La modération dans le vice est plus difficile que l’abstinence disait Péladan, quelque part. Sans doute est-ce la raison pour laquelle nous ne voyons de moyens d’échapper aux écrans qu’en les brisant et non en les éteignant. Alors, rage against the machines ?

En 2006, les éditions de L’échappée publiaient la traduction d’un ouvrage important de Kirkpatrick Sale, Rebels Against the Future : The Luddites and Their War on the Industrial Revolution : Lessons for the Computer Age (1995).
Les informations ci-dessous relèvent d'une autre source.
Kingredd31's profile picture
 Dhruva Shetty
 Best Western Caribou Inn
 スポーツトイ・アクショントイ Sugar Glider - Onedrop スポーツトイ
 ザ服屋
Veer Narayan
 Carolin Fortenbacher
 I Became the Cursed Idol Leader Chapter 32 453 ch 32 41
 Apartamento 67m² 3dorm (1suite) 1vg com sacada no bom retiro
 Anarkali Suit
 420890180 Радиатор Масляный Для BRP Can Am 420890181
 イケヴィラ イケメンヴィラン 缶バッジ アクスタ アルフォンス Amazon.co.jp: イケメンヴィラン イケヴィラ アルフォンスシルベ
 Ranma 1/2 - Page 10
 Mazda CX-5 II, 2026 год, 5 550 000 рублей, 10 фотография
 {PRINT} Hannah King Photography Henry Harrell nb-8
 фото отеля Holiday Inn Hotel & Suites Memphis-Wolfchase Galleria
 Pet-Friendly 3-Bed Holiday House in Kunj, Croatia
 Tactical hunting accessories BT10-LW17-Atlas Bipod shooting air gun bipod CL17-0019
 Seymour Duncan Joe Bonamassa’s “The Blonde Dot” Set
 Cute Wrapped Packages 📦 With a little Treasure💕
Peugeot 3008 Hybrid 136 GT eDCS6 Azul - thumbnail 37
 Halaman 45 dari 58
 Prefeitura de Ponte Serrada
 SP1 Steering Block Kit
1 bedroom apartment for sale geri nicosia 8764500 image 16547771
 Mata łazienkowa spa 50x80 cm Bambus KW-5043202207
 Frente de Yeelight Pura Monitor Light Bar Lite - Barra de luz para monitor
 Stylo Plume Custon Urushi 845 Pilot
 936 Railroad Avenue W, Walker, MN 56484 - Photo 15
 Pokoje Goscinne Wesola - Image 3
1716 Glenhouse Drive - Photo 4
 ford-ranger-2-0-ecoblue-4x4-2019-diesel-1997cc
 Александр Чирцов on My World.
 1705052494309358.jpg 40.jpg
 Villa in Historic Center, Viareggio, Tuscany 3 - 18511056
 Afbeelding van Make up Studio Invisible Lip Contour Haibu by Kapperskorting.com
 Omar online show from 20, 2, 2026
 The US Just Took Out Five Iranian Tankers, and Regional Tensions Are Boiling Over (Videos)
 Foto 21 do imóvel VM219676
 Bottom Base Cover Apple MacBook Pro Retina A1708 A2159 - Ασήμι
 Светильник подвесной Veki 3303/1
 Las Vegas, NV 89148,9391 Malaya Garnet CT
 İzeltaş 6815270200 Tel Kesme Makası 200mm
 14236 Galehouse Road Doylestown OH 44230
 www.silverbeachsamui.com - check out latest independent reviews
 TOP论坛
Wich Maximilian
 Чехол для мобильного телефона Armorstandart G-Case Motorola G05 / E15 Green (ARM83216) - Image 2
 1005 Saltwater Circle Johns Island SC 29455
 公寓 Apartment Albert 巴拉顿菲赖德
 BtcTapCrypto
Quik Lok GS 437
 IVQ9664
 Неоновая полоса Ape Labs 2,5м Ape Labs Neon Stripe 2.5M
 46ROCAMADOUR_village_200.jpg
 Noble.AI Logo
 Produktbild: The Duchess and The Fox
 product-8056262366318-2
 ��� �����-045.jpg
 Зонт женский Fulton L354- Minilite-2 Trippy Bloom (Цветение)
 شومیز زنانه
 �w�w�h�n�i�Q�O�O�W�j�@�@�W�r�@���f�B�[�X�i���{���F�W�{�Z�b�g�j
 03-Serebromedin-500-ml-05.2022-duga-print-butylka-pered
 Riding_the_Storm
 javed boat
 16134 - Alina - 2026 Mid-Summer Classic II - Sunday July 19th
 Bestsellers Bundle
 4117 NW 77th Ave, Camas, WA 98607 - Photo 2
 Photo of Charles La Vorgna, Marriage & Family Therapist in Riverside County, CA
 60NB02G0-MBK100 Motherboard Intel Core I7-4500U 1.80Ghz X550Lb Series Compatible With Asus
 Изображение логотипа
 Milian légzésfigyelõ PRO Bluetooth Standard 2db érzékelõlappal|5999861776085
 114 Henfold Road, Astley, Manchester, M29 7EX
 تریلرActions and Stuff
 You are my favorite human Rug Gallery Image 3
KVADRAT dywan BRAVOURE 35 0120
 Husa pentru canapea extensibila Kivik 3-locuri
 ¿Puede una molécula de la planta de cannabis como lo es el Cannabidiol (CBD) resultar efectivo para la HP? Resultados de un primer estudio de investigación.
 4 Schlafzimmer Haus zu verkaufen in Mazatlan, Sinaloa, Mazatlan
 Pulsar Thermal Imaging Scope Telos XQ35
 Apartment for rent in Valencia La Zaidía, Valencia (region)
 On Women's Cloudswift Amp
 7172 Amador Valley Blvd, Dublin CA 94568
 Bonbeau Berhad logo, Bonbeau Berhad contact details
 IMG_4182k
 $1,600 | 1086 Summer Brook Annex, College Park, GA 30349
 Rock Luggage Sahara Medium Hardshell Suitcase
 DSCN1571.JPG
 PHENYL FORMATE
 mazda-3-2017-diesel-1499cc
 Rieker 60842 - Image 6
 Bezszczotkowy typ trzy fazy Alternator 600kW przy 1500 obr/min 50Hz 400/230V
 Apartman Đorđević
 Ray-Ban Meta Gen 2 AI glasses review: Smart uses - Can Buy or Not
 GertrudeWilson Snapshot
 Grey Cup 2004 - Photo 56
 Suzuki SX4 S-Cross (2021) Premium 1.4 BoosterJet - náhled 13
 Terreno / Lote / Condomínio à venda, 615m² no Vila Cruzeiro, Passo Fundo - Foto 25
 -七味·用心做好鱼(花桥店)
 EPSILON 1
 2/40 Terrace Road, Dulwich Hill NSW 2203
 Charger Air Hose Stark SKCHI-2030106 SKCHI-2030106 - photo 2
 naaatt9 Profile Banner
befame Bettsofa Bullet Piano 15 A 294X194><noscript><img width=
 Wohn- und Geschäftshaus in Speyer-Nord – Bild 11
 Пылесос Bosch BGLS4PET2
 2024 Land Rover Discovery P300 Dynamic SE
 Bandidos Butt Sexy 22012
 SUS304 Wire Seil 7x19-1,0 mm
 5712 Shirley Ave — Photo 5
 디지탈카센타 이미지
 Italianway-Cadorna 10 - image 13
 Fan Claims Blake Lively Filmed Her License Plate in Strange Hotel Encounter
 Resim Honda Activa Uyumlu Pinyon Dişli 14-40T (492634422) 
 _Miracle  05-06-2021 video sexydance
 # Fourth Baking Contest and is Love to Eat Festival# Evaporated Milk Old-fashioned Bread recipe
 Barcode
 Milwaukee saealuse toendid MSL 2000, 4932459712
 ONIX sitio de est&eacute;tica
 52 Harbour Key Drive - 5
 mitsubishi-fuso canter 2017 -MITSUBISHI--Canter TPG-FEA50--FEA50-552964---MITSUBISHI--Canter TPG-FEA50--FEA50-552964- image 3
En janvier dernier, cet ouvrage a été réédité, sans modification, en format poche sous le même titre : La Révolte luddite. Briseurs de machines à l’ère de l’industrialisation. La dernière partie du titre, qui n’est pas reprise, Lessons for the Computer Age, montre bien toute l’actualité du propos alors que depuis quelques mois, le débat fait rage à propos des images et des textes générés par l’intelligence artificielle. Rappelons d’ailleurs que l’auteur lui-même avait brisé un ordinateur personnel — le « devil’s work » selon lui — lors d’une conférence au moment de la sortie de cet ouvrage, illustrant par exemple le propos du livre et l’idéal de ceux qui en sont l’objet.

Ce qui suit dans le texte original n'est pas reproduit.